Choosing the corresponding matrix representation of \(\alpha \in \mathbb {F}_{q^{{k_B}}}\) over \(\mathbb {F}_{q^{{k_{1}}}}\) as in Lemma 3, we can write

$$\begin{aligned} \mathrm {ext}_B\left( \alpha \cdot \begin{bmatrix} \tilde{a}_1&\tilde{a}_2&\dots&\tilde{a}_{n_A}\end{bmatrix} \right) = \mathrm {mr}(\alpha ) \cdot \mathrm {ext}_B\left( \begin{bmatrix} \tilde{a}_1&\tilde{a}_2&\dots&\tilde{a}_{n_A}\end{bmatrix} \right) = \mathrm {mr}(\alpha ) \cdot \begin{bmatrix} \mathbf {a}_1 \\ \mathbf {a}_2 \\ \vdots \\ \mathbf {a}_\ell \end{bmatrix} \end{aligned}$$

Since \(\mathbf {a}_i \in \mathscr {A}^{(i)}\), \(\begin{bmatrix} \tilde{a}_1&\tilde{a}_2&\dots&\tilde{a}_{n_A}\end{bmatrix} \in \mathscr {A}\) also \(\alpha \cdot \begin{bmatrix} \tilde{a}_1&\tilde{a}_2&\dots&\tilde{a}_{n_A}\end{bmatrix}\) must be in \(\mathscr {A}\) for all \(\alpha \in \mathbb {F}_{q^{{k_B}}}\) and thus, \(\mathrm {ext}_B\left( \alpha \cdot \begin{bmatrix} \tilde{a}_1&\tilde{a}_2&\dots&\tilde{a}_{n_A}\end{bmatrix} \right) \in \bigoplus _{i=1}^{\ell } \mathscr {A}^{(i)}\). Due to Lemma 3, we can choose \(\alpha \) such that the i-th row of \(\mathrm {mr}(\alpha )\) is can be an arbitrary \(\begin{bmatrix} \alpha _1&\alpha _2&\dots&\alpha _\ell \end{bmatrix} \in \mathbb {F}_{q^{{k_{i}}}}^\ell \) and thus, the i-th row of \(\mathrm {ext}_B\left( \alpha \cdot \begin{bmatrix} \tilde{a}_1&\tilde{a}_2&\dots&\tilde{a}_{n_A}\end{bmatrix} \right) \) is \(\sum _{j=1}^{\ell } \alpha _i \mathbf {a}_i\). This implies that \(\mathscr {A}^{(j)} \subseteq \mathscr {A}^{(i)}\) for all \(j,i=1,\dots ,\ell \) and thus all outer codes \(\mathscr {A}^{(i)}\) are the same.

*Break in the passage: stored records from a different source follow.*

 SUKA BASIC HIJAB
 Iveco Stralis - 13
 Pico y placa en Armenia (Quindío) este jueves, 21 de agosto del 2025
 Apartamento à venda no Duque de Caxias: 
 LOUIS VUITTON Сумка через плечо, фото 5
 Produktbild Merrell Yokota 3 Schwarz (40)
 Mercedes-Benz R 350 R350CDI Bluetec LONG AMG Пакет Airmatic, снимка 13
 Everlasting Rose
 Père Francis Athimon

“\(\Leftarrow \)” : If \(\mathscr {A}^{(j)} = \mathscr {A}^{(i)}\) for all i, j, we can choose any basis B of \(\mathbb {F}_{q^{{k_B}}}\) over \(\mathbb {F}_{q^{{k_{i}}}}\). Since multiplying elements of \(\mathrm {ext}_B^{-1}(\bigoplus _{i=1}^{\ell } \mathscr {A}^{(i)})\) by \(\mathbb {F}_{q^{{k_B}}}\) scalars corresponds to a left multiplication by a matrix in \(\mathscr {M}_{q^{{k_B}}}\), and any \(\mathbb {F}_{q^{{k_{i}}}}\)-linear combination of elements of different \(\mathscr {A}^{(i)}\)’s again is contained in any \(\mathscr {A}^{(i)}\), the set \(\mathscr {A}:= \mathrm {ext}_B^{-1}(\bigoplus _{i=1}^{\ell } \mathscr {A}^{(i)})\) is an \(\mathbb {F}_{q^{{k_B}}}\)-linear code. The \(\mathbb {F}_q\)-linear map is given by \(\theta \circ \mathrm {ext}_B\).\(\blacksquare \)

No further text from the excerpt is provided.